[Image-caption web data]

%%

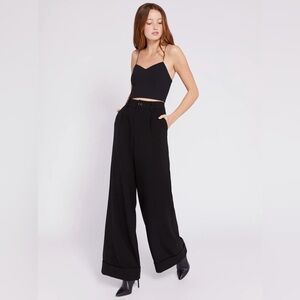 ALICE AND OLIVIA TOMASA WIDE LEG CUFF PANTS US2 New With Tags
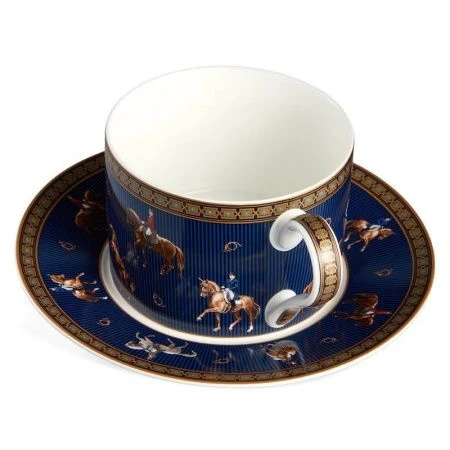 Чайный набор 2пр фарфор Horse club на 1 персону 300мл (36)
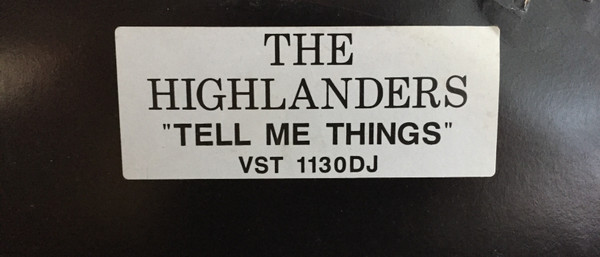 The Highlanders - Tell Me Things | Virgin (VST 1130 DJ)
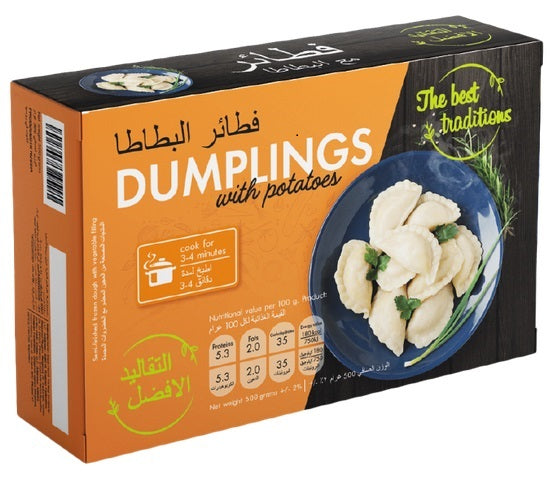 Dumplings with potatoes and onions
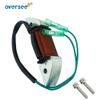 OVERSEE 3B2-06123 Alternator for Tohatsu Outboard Motor 8HP 9.8HP Parsun Hidea HDX 3B2-06123-1 3B2061231 3B2-06123-0 3B2061230 3B2-06128-0 3B2061280M8/9.8B 2 Stroke view 4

%%

Print the data above exactly, from its first line to the line bearing "Dumplings with potatoes and onions" inclusive, and keep pictures out of the result.

 ALICE AND OLIVIA TOMASA WIDE LEG CUFF PANTS US2 New With Tags
 Чайный набор 2пр фарфор Horse club на 1 персону 300мл (36)
 The Highlanders - Tell Me Things | Virgin (VST 1130 DJ)
 Dumplings with potatoes and onions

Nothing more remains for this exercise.